Chrysler Sale Bars Future Tort Claims

I have read Judge Gonzalez’s Order of June 1 concerning the sale of substantially all of the assets of Chrysler to Fiat, and it certainly appears to me that the sale will cut off  future products liability claims. 

Here is the key language Pages 42 – 44 of  the Court’s Order.

Category (3) consists of tort and consumer objections. Those objections relating to  lemon law and warranty claims have been resolved by the modification of relevant language in the Fale order. An objection (ECF Docket No. 1231) was raised regarding an environmental claim, but the property to which the claim related is no longer owned by the Debtors and the objection is therefore overruled. Various objections were raised related to property damage claims and personal injury and wrongful death claims, including those which have not yet occurred. Some of these objectors argue that their claims are not “interests in property” such that the purchased assets can be sold free and clear of them. However, the leading case on this issue, In re Trans World Airlines, Inc., 322 F.3d 283 (3d Cir. 2003) (“TWA”), makes clear that such tort claims are interests in property such that they are extinguished by a free and clear sale under section 363(f)(5) and are therefore extinguished by the Sale Transaction. See id. at 289, 293. The Court follows TWA and overrules the objections premised on this argument. Even so, in personam claims, including any potential state successor or transferee liability claims against
New Chrysler, as well as in rem interests, are encompassed by section 363(f) and are therefore extinguished by the Sale Transaction. See, e.g., In re White Motor Credit Corp., 75 B.R. 944, 949 (Bankr. N.D. Ohio 1987); In re All Am. Of Ashburn, Inc., 56 B.R. 186, 190 (Bankr. N.D. Ga. 1986).

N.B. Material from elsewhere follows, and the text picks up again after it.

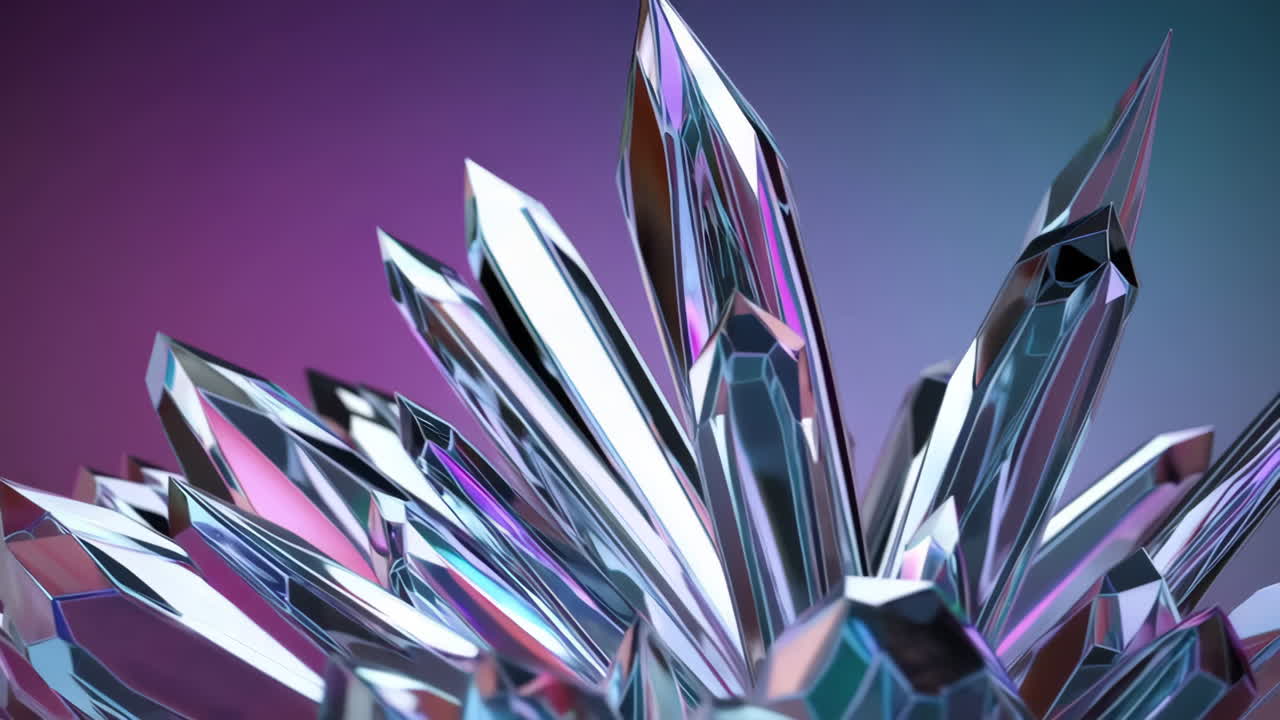 Abstract Iridescent Crystal Cluster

The Court also overrules the objections premised on this argument. Additionally, objections in this category touching upon notice and due process issues, particularly with respect to potential future tort claimants, are overruled as to those issues because, as discussed elsewhere in this Opinion, notice of the proposed sale was published in newspapers with very wide circulation. The Supreme Court has held that publication of notice in such newspapers provides sufficient notice to claimants “whose interests or whereabouts could not with due diligence be ascertained.” Mullane v. Cent. Hanover Bank & Trust Co., 339 U.S. 306, 317 (1950). Accordingly, as demonstrated by the objections themselves, the interests of tort
claimants, including potential future tort claimants, have been presented to the Court, and the objections raised by or on behalf of such claimants are overruled.
 

Other objections in this category are premised on the argument that a free and clear sale would be fundamentally unfair, inequitable, or in bad faith. The policy underlying section 363(f) is to allow a purchaser to assume only the liabilities that promote its commercial interests. See, e.g., In re New England Fish Co., 19 B.R. 323, 328-29 (Bankr. W.D. Wash. 1982); White Motor Credit, 75 B.R. at 951. Accordingly, objections premised on this argument are overruled. An objection in this category raised the Takings Clause of the Fifth Amendment, but this objection is overruled because the objector holds an unsecured claim, rather than a lien in some collateral that is property of the estate, which is a necessary prerequisite to a Fifth Amendment Takings Clause claim in the bankruptcy context. See U.S. v. Security Industrial Bank, 459 U.S. 70 (1982).  The same objection also raised the issue of the break-up fee being excessive, but this objection is overruled as untimely because that fee was approved in the Bidding Procedures Order and is not implicated since the assets are being sold to the original bidder. Another objection related to an asbestos claim raised both the failure to comply with section 524(g) and that the Sale Transaction improperly provides for the release of third parties, but this objection is overruled as to both issues because section 524(g) is inapplicable to a free and clear sale under section 363 and the Sale Transaction does not contain releases of third parties. Such claims can still be asserted against the Debtors’ estate. Other objections in this category which contend that the Sale Transaction is a sub rosa plan are overruled as to that issue but are addressed by the relevant sections of this Opinion.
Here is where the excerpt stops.